ISOLATION : la technique du nid d'oiseau

Comment réussir à bien protéger thermiquement l'intérieur d'un stade tout en laissant la lumière solaire pénétrer avec harmonie? En imitant par exemple la structure d'un nid d'oiseau. Le nouveau stade olympique de Pékin, réalisé par le cabinet Herzog et De Meuron, en est une éminente illustration : encerclé par 41875 tonnes de brindilles d'acier à la place des traditionnels branchages, il contient également des panneaux translucides de polymère (éthylène tétrafluoroéthylène) qui remplacent les plumes, mousses et boue isolant d'habitude l'intérieur des nids face au vent et à la pluie. Au final, ce stade se déploie en une structure étonnante de 69 mètres de haut et de 320 m de long. Verdict sur sa qualité thermique? Il est encore trop tôt pour le savoir, mais rendez-vous l'été prochain, quand 91000 spectateurs y seront assis pour les prochains jeux Olympiques.

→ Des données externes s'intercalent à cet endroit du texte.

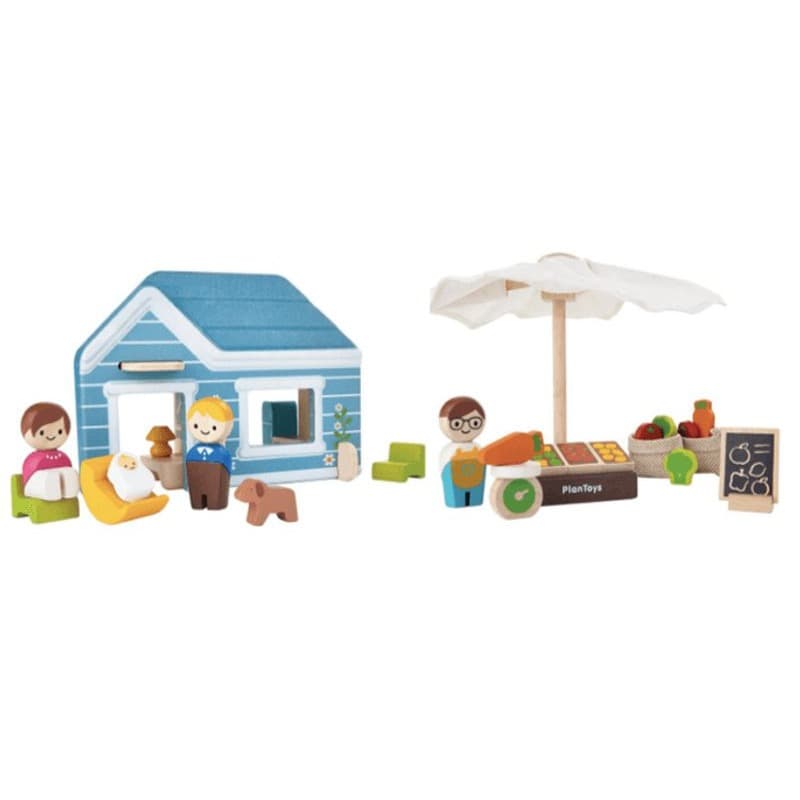Home and Market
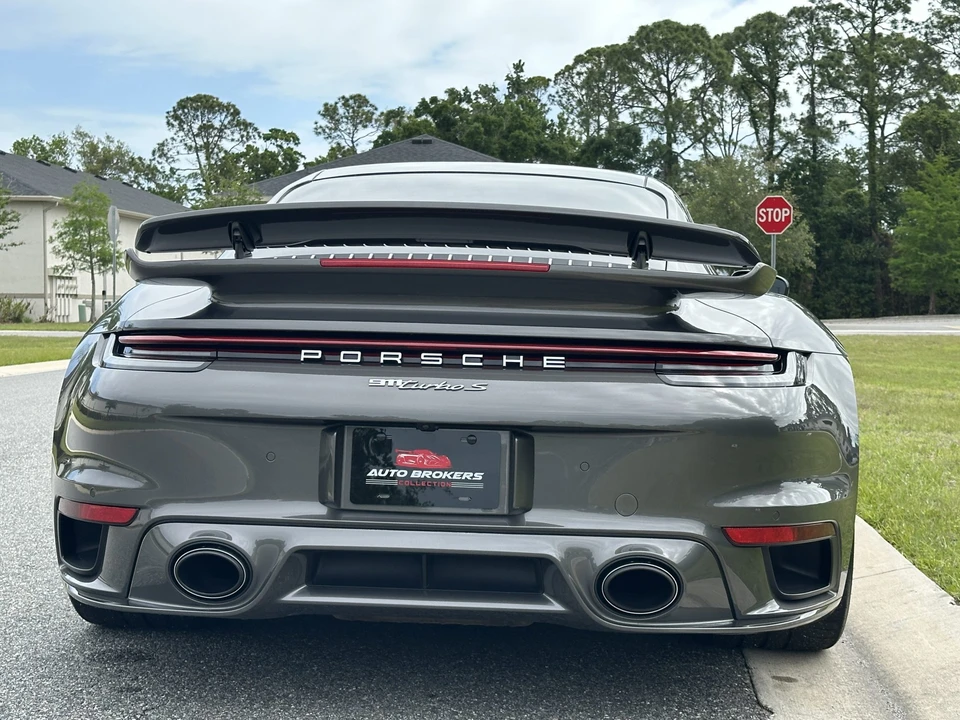 2022 Porsche 992 Turbo S - Image 14 of 31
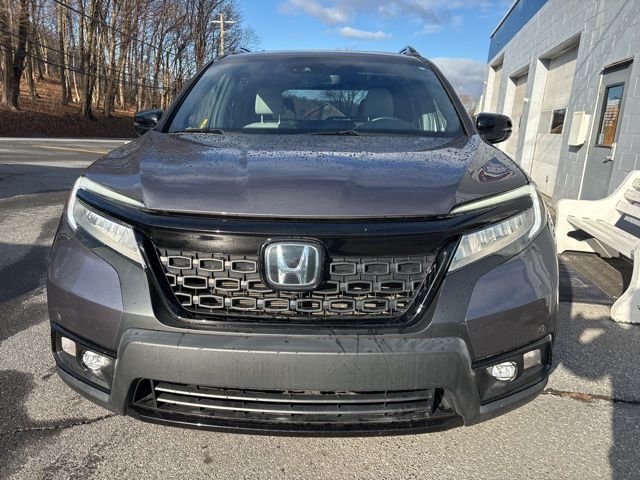 2019 Honda Passport Elite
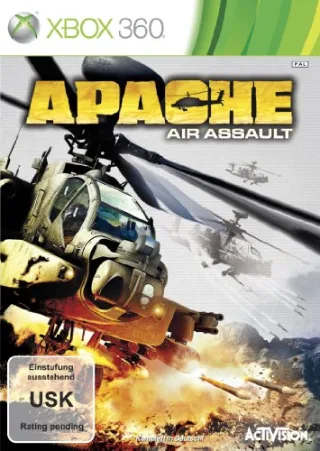 Apache: Air Assault [für Xbox 360]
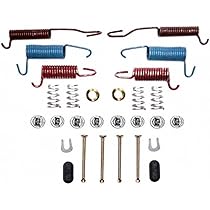 thumbnail image 2 of Raybestos H2540 Professional Grade Drum Brake Shoe 2 of 12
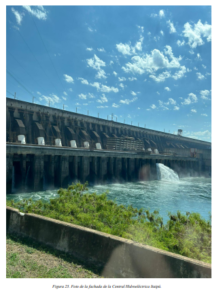 Central Hidroeléctrica Iapip+u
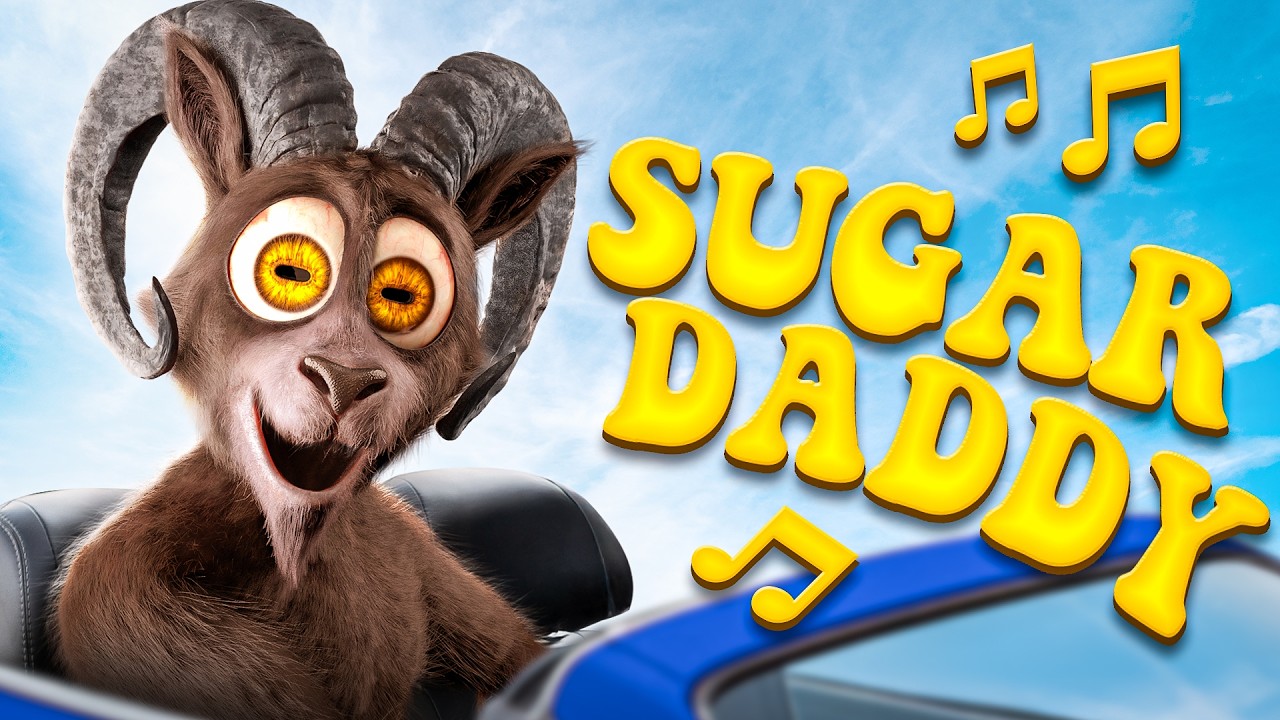 The Ram Is Your Sugar Daddy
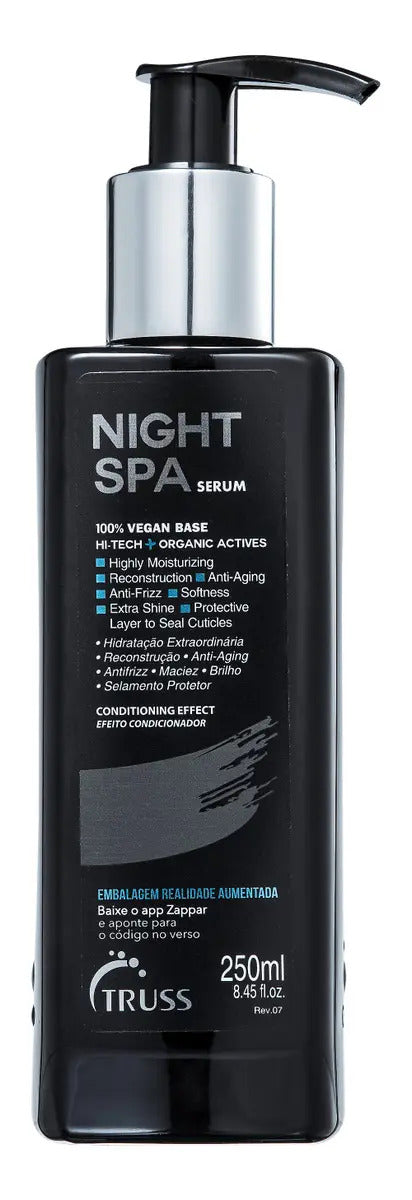 Truss Professional Night Spa Serum 250 ml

Le nid d'oiseau laisse entrer la lumière, tout en filtrant le froid et le vent. Une structure idéale pour protéger les athlètes et les spectateurs dans le nouveau stade olympique de Pékin.

Matériaux : l'art de l'os, de la peau et du lotus

Franz-Joseph Ulm, chercheur en matériaux au Massachusetts Institute of Technology (MIT) a noté un point commun entre le ciment et le vivant : lors de la formation de nos os, des particules (apatites) s'assemblent en un complexe similaire à celui rencontré lors de la fabrication du ciment. Seule différence: pour le ciment, le procédé physico-chimique se produite 1450°C et émet de colossales quantités de CO2, alors que dans notre corps à 37 °C et ne rejette pas de CO2 . Le scientifique cherche donc à s'inspirer de ce dernier pour produire des bétons plus proprement.
Autre piste d'inspiration biomimétique pour le bâtiment la peau. L'idée est d'obtenir une bonne régulation thermique a moindre coût énergétique. Les organismes supérieurs, avec leur batterie de récepteurs et leur système nerveux central, ont une longueur d'avance en terme.
A l'Ecole polytechnique fédérale de Lausanne, des chercheurs tentent ainsi de rendre les systèmes de régulation thermique des bâtiments plus intelligents. Troisième voie d'imitation explorée: la feuille de lotus, qui empêche l'eau d'adhérer à sa surface. Cette propriété étonnante a inspiré bon nombre d'ingénieurs, qui ont donne naissance à des peintures autonettoyantes sur lesquelles eau et salissures n'adhèrent pas.

Entre un os et du béton, la similitude ne saute pas aux yeux immédiatement. Pourtant, lors de leur formation, il se produit un procédé physico-chimique identique, à une différence près : chez le vivant, il est moins polluant.

Grâce à ses récepteurs, la peau se régule thermiquement. Elle est donc devenue un modèle pour la recherche sur la régulation automatique du chauffage ou de la luminosité. capteurs et algorithmes génériques s'apprêtent à investir nos maisons.

Pourquoi une goutte sur une feuille de lotus perle mais ne s'étale jamais ? Car des microrugosités l'empêchent d'adhérer. Cette propriété a été copiée, et on trouve aujourd'hui des peintures... autonettoyantes.